At the end of the review, Mr. Wise faults mostly himself for getting stung, telling me that he did not see himself in a strong negotiating position; a mammoth lawsuit was at his door. In fact, law firms salivate for interesting legal work that can produce $1,000,000 of business in the course of the year! He now concurs that the negotiated retention agreement is a critical document, not only for the provisions it contains, but also for the way in which it structures the relationship between client and counselor.
In discussing the negotiating process, he says that he and his general counsel might have happily agreed to provisions that I or others might be more likely to resist-such as specified conditions for a premium or a discount on fees. He has been stunned by the obvious! A contract between client and counselor (whether it be oral or written, signed or unsigned) should be addressed with knowledgeable eyes on both sides and negotiated with mutual business and fiscal considerations in mind.
Ultimately, the firm volunteered to reduce its fees for the litigation by 10%. It proved to be a savvy move by the key partner who had so impressed Messrs. Wise and Foreman the first go round. The firm is currently acting for the company in a major transaction. The re-negotiated retention agreement should give Mr. Wise and Mr.

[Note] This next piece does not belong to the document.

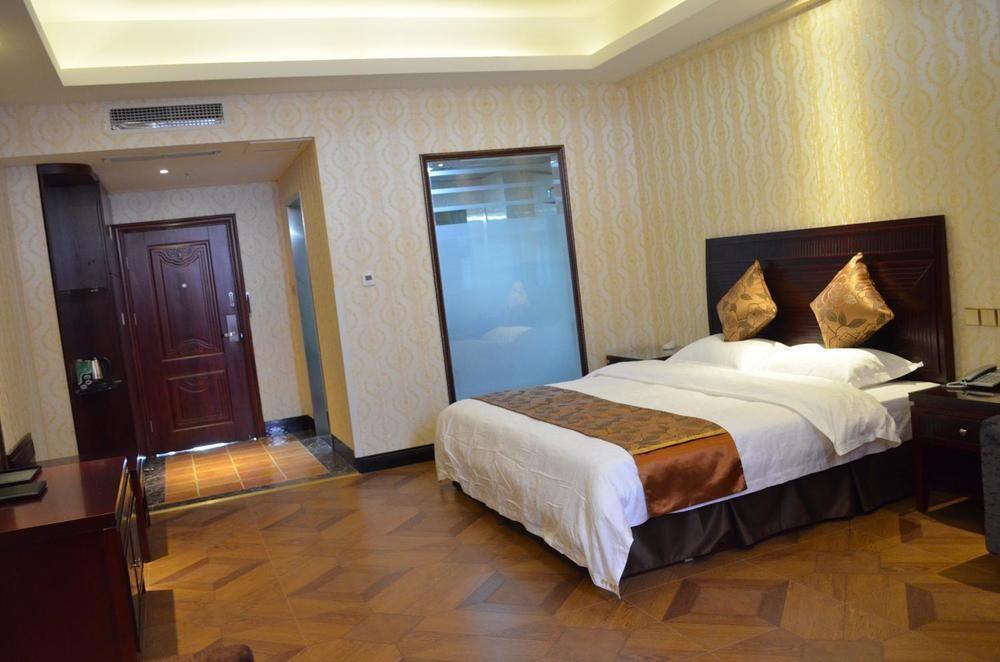 Fengyu Business Hotel Chengdu Esterno foto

Foreman a good bang for the buck and the firm a healthy profit from an efficiently managed matter.
Here are some pointers that were applied to the re-negotiated retention letter:
1) Include a statement that reinforces American Bar Association rules and legal requirements of a law firm to make “reasonable” fee charges and holds the law firm’s feet to the fire with respect to cost-effective management of the work.
2) Insure that the law firm sets forth the legal issues to be addressed and the scope of the matter in clear layman language that fully comports to your understanding.

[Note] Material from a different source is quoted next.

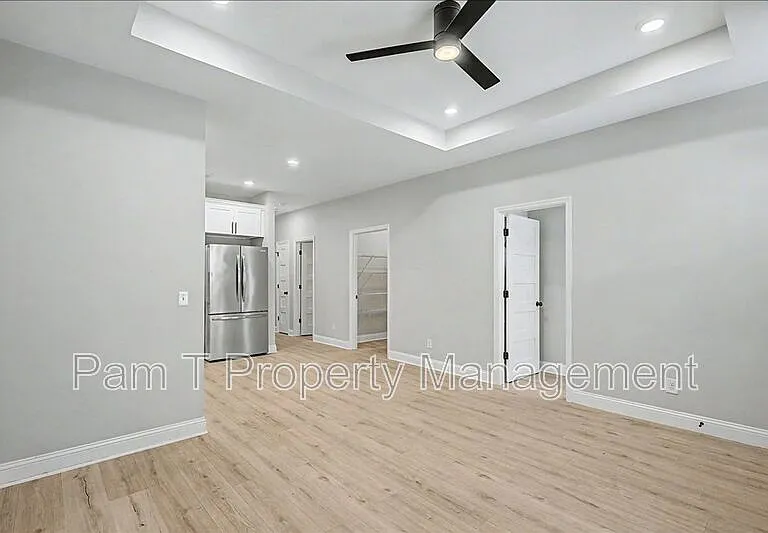 1019 W 35th St #B — Photo 5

3) Require advance notice and/or authorization for billing rate increases prior to commencement of work at the increased rate and a cap on the percentage increase in a given year.
4) Ask for the lowest billing rate offered to standard commercial clients and for billing in time increments of six minutes.

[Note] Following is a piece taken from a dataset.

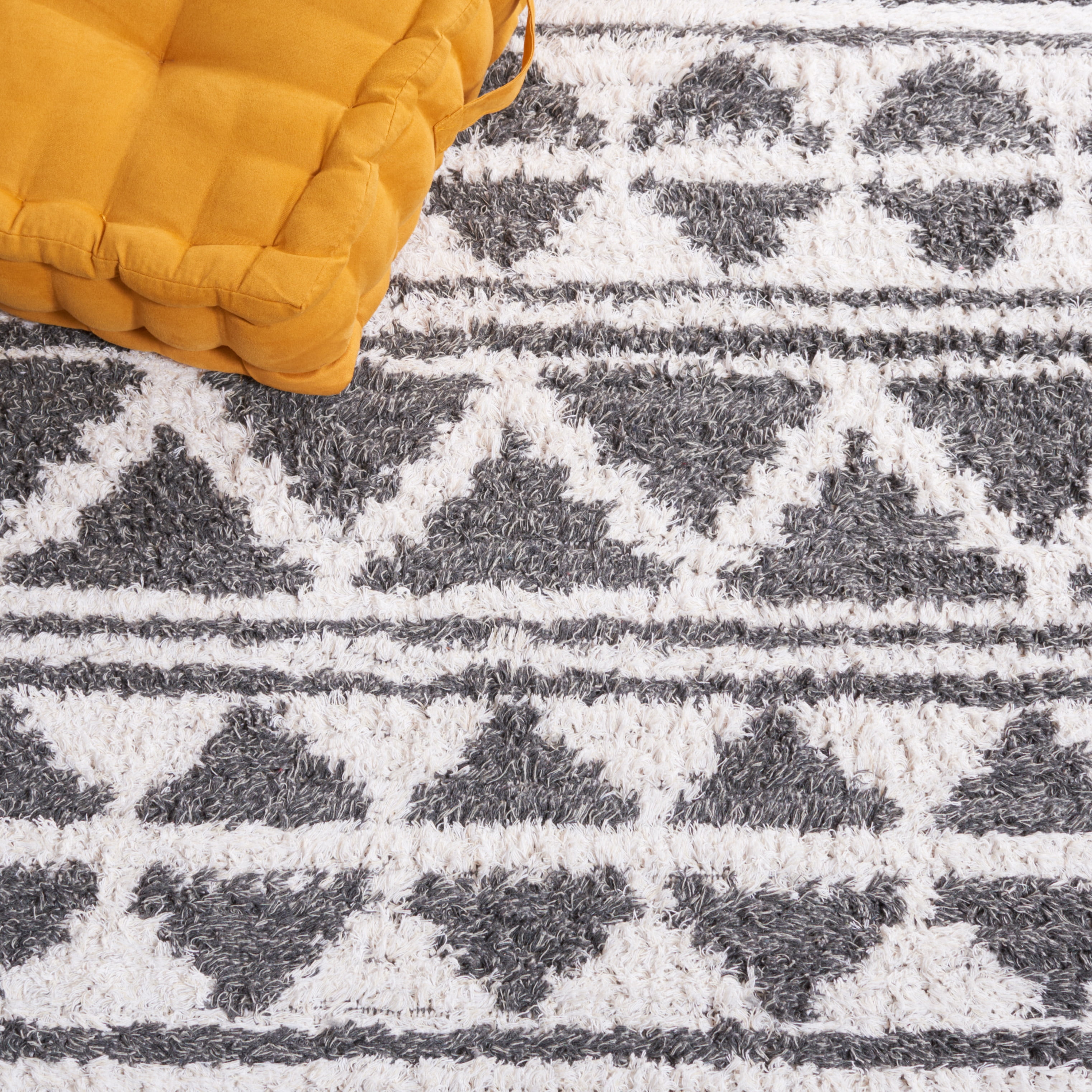 SAFAVIEH Augustine Kalina Geometric Area Rug, Ivory/Gray, 6'4" x 9'6"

5) Insist upon monthly bills, appropriate summaries (as advised by your accounting department), and clear information regarding personnel, and their individual rates.
6) Obtain bills that are broken out by matter with task-based billing descriptions (free of bundled tasks to the extent practicable).
7) Ask for notification of additions and deletions to your legal team and an opportunity to approve timekeepers who are regularly assigned to your work.
8) Offer your own policy statement for reimbursement of expenses, paying special attention to the difference between a law firm’s expenses and allocable charges.
A retention agreement that reflects a mutually advantageous deal-with sufficient detail to insure an accurate and complete understanding between the parties- is the one most likely to work, long- term.
*The names of the parties have been changed for the purpose of confidentiality.